以上のようなことから、このサイトでは、利用者は自分の回復・成長する力を信頼すると同時に、他の人々の回復・成長する力を互いに信頼しう、というポリシーを取っています。それは「分析解釈、お説教、アドバイス等の介入はしない」というサイトの原則でもありますが、それ以外の小さなこと、たとえばBBS等でどこまでメールアドレス等の自分の情報を開示していいか、個人的に知り合いになってもいい人間は誰か、自分のことを話してもいい相手は誰か、といったようなことも、どうかしっかり自分の内なる声に耳を傾けてください。

◆「調子狂いそうなとき」は素直に休もう◆
私たちはACであると同時に学生だったり職業人だったりする一生活者でもあります。そしてACの問題からの回復についても、それぞれちがったステップにいて、ちがった課題をこなしています。

異なる回復の段階にいる人同士でうまくコミュニケーションできることも多いですが、相手に合わせようとして自分が何だか調子がおかしくなったり、抑うつ的になってしまったりすることも時々あります。そういうときはどうぞ無理せず相手から距離を取ってみてください。BBSなどでレスを求められたとしても、無理に応じる必要はありません。

◆インターネットは回復の道具のひとつにすぎない◆
ACについてまだ誤解している世間の人々に迎合し「自分はACなんかじゃない、そんな「何でも親のせいにしている、くだらない連中」じゃない」とACである自分を否定するのもしんどいですが、ネット上にACとしての自分の居場所を守ろうとするあまり「ACの私」のネット人格を作り過ぎてしまうのもまたしんどいものだと思います(「ACの私」に限らず、ネット人格を演じ過ぎているといつか息切れしてしまうものです)。

ここは私たちの居場所のひとつではありますが、ここだけが私たちに残された居場所のすべてではありません。

特にインターネットというのは、とてつもなく広大でアクセスの自由度が高いけれど、また自分とその周りの「同好の士」で構成される小さなコミュニティを世界のすべてであるかのように勘違いしてしまいやすい、合わせ鏡のようなメディアでもあります。ネット世界で「ACの私」を売りにして、不幸自慢やコミュニティ同士のネット喧嘩や内輪誉めのようなことばかりしているとしたら本当に不毛なことです。
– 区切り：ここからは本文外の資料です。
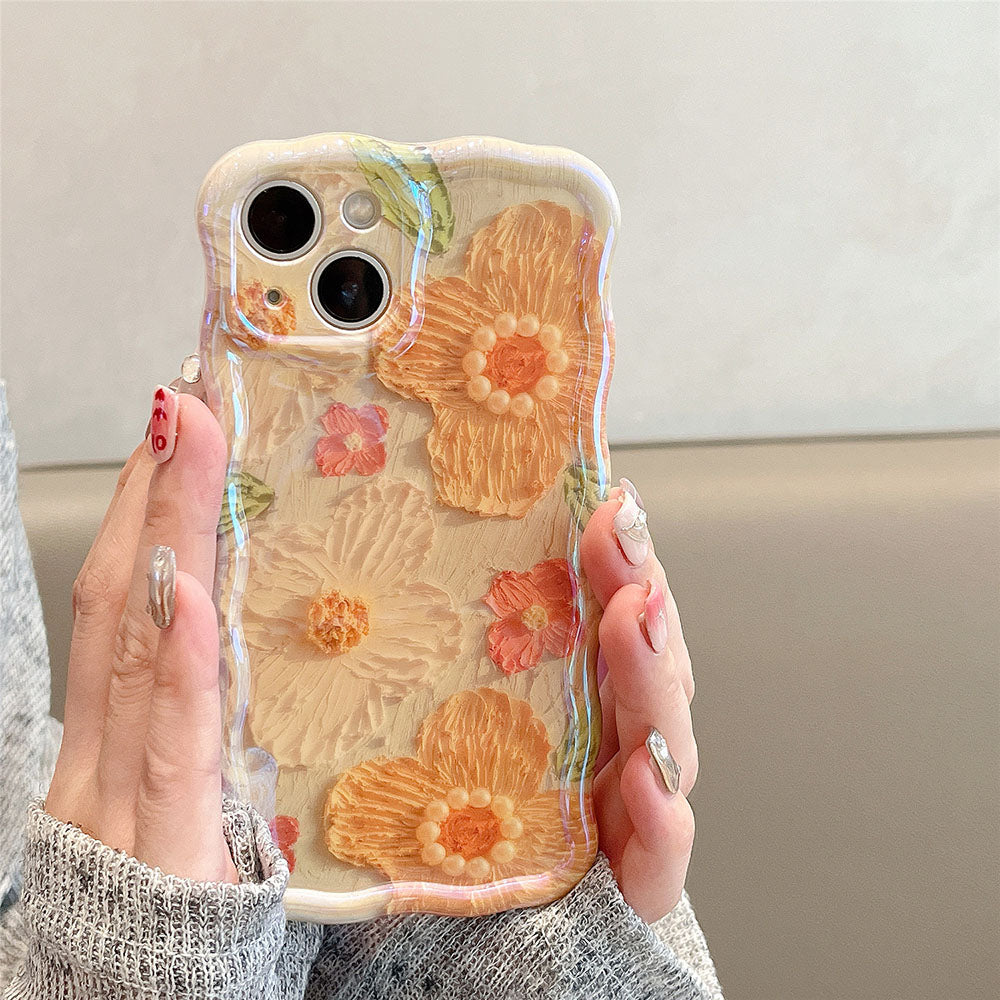 Luxury Pearl Oil Painting Flower iPhone Case - {{ shop_name}} varyfun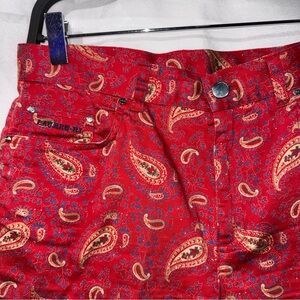 Vintage Ralph Lauren Lauren Jeans Co. Women Capris Size 6 Red Paisley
さらに言えば、「ACの私」を売りにすることによって(ネットという合わせ鏡のような世界であろうと)初めてなにがしかの居場所を得たと思い込んでしまい、ネット世界でACとして注目され居場所を保証されつづけるためにACの症状を固定化してしまうとしたら本末転倒なことです。

ACだからといって、いつでも本に書いてあるACの条件のとおりに自分に自信がなく抑鬱的な顔をしている必要もないと思います。むしろ私たちの抱えている色々な問題から回復して快適な社会生活を営むようになった時、「あたし? ACだよ」「いやぁ、俺ACなんだけどさ」と何の気負いもなく爽やかに言えるようになれば――「親を告発するなんて…」というタブーからも自由になり、しかももはやそれが人生リセット・子ども返りの幻想ではなく、(子供も含めた)人間というものに対し本当に謙虚で誠実でありつづけるためのキーワードになれば――その時こそ私たちは、自分たちの親が決してできなかったこと、(直接の自分の子孫であるとないとを問わず)ACの不幸の世代間連鎖を食い止めるという大事業を達成したことになる、と。管理人は、そう信じています。


…色々と前置きが長くなりましたが、どうぞあまり固くならず、気楽に構えて。立場も回復の段階もそれぞれ違う他人への想像力とユーモアの心を持って、楽しくご利用ください。